Kalligrafie in der DDR/BRD-Gebrauchsgrafik beschreibt den Einsatz handgeschriebener und handgezeichneter Schrift in Werbung, Verpackung und Plakat beider deutscher Staaten zwischen 1949 und der Wende.
Rubrik: Kalligrafie · Unterrubrik: Geschichte · Niveau: Profi Synonyme / Auch bekannt als: angewandte Schriftgrafik, Schriftgrafik DDR/BRD, kommerzielle Kalligrafie
Was ist Kalligrafie in der DDR/BRD-Gebrauchsgrafik?
Kalligrafie in der DDR/BRD-Gebrauchsgrafik bezeichnet die professionelle Anwendung kunstvoller Hand- und Pinselschrift in der angewandten Grafik beider deutscher Staaten nach 1949. Sie umfasst Plakate, Buchumschläge, Verpackungen und Werbung, in denen handgeführte Schrift gestalterische Akzente setzte – bevor Fotosatz und Computer sie weitgehend ablösten.
Erklärung
In beiden deutschen Staaten gehörte das Beherrschen von Schrift zur Ausbildung der Gebrauchsgrafiker/innen. In der DDR war Albert Kapr (1918–1995) an der Hochschule für Grafik und Buchkunst Leipzig eine prägende Figur; sein Lehrbuch „Schriftkunst" (1971) verband kalligrafisches Können mit angewandter Schriftgestaltung. Schrift wurde im planwirtschaftlichen Kontext oft handgezeichnet, weil Fotosatzkapazitäten begrenzt waren – Kalligrafie hatte hier auch einen praktischen Grund.

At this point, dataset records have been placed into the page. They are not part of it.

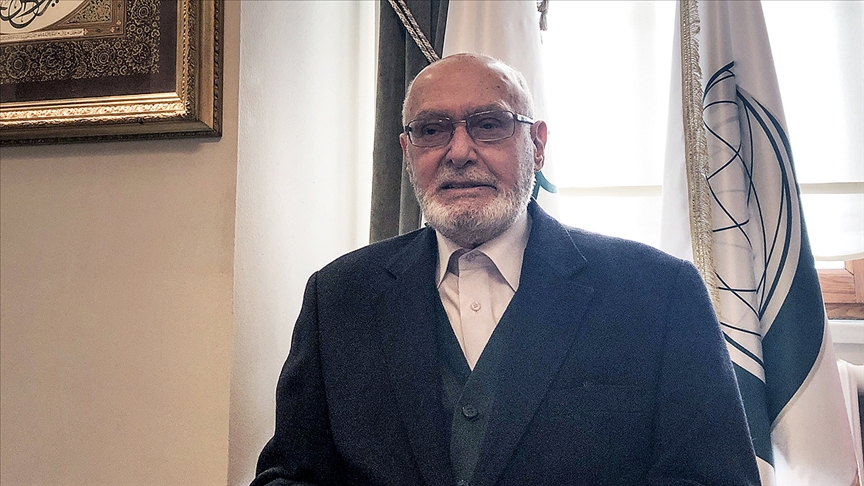 Yazar ve akademisyen Prof. Dr. Ali Özek vefat etti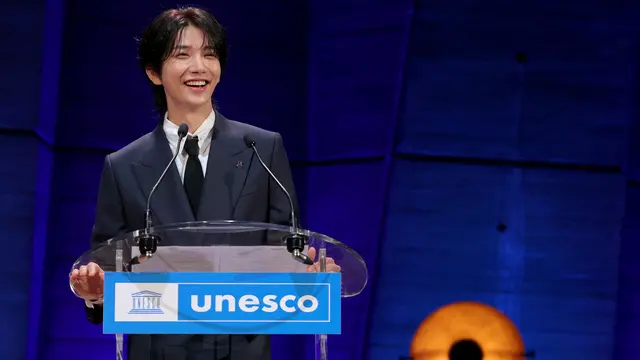 Joshua Hong atau Joshua Seventeen berpidato di Unesco. (Thomas SAMSON / AFP)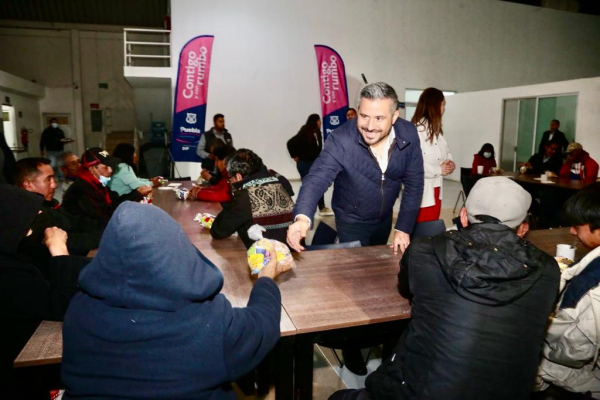 SMDIF DE PUEBLA OFRECE CENA DE FIN DE AÑO A PERSONAS EN SITUACIÓN DE ATENCIÓN VULNERABLE EN EL DORMITORIO MUNICIPAL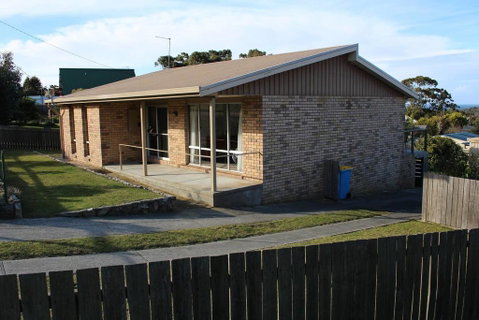 The Nook Bay Of Fires - Dalby Accommodation 3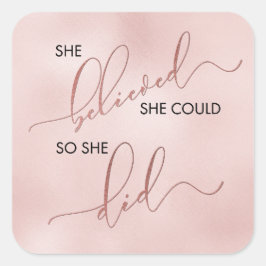 Sie glaubte, dass sie eine Rose mit Gold-Typografi Quadratischer Aufkleber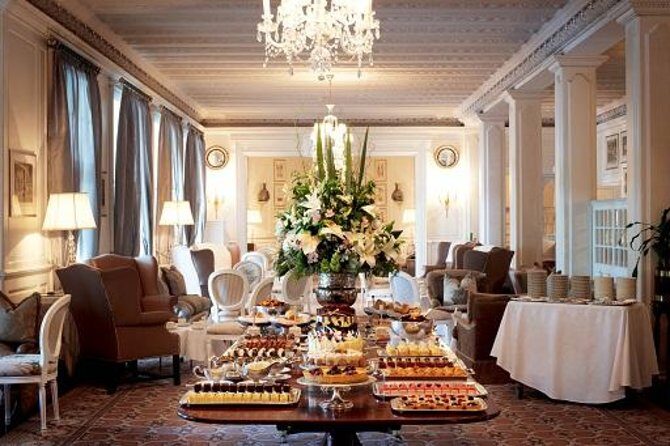 Afternoon High Tea at Mount Nelson Hotel from Cape Town - What makes the tea lounge feel so special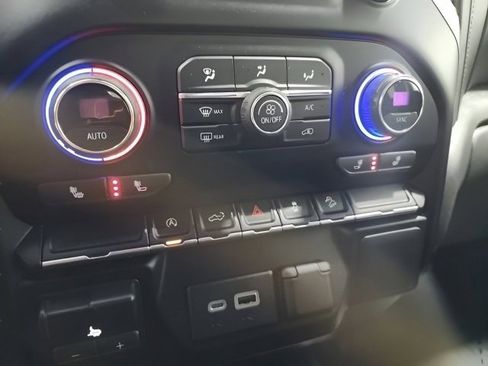 Used 2021 Chevrolet Silverado 1500 RST image 33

In der BRD prägten kommerzielle Werbung und Verpackungsdesign die Nachfrage nach handgezeichneter Schrift; Schriftgrafiker lieferten Logos, Schriftzüge und Beschriftungen für Konsumprodukte. Mit der Verbreitung des Fotosatzes ab den 1960er-Jahren und der digitalen Schrift ab den 1980er-Jahren verlor die handgeschriebene Kalligrafie ihren Gebrauchswert in der Massengrafik. Die Kalligrafie in der DDR/BRD-Gebrauchsgrafik wanderte daraufhin – ähnlich wie nach der Erfindung des Buchdrucks – in Nischen ab: Urkunden, Buchkunst, hochwertige Verpackung und das Kunsthandwerk.
Beispiele
- Albert Kapr, Leipzig: Lehre und Schriftgestaltung in der DDR.
- DDR-Plakatkunst: handgezeichnete Schriftzüge auf Kultur- und Propagandaplakaten.
- BRD-Verpackungsdesign: kalligrafische Markenschriftzüge der Wirtschaftswunderzeit.
- Buchumschläge beider Staaten: kalligrafische Titelgestaltung.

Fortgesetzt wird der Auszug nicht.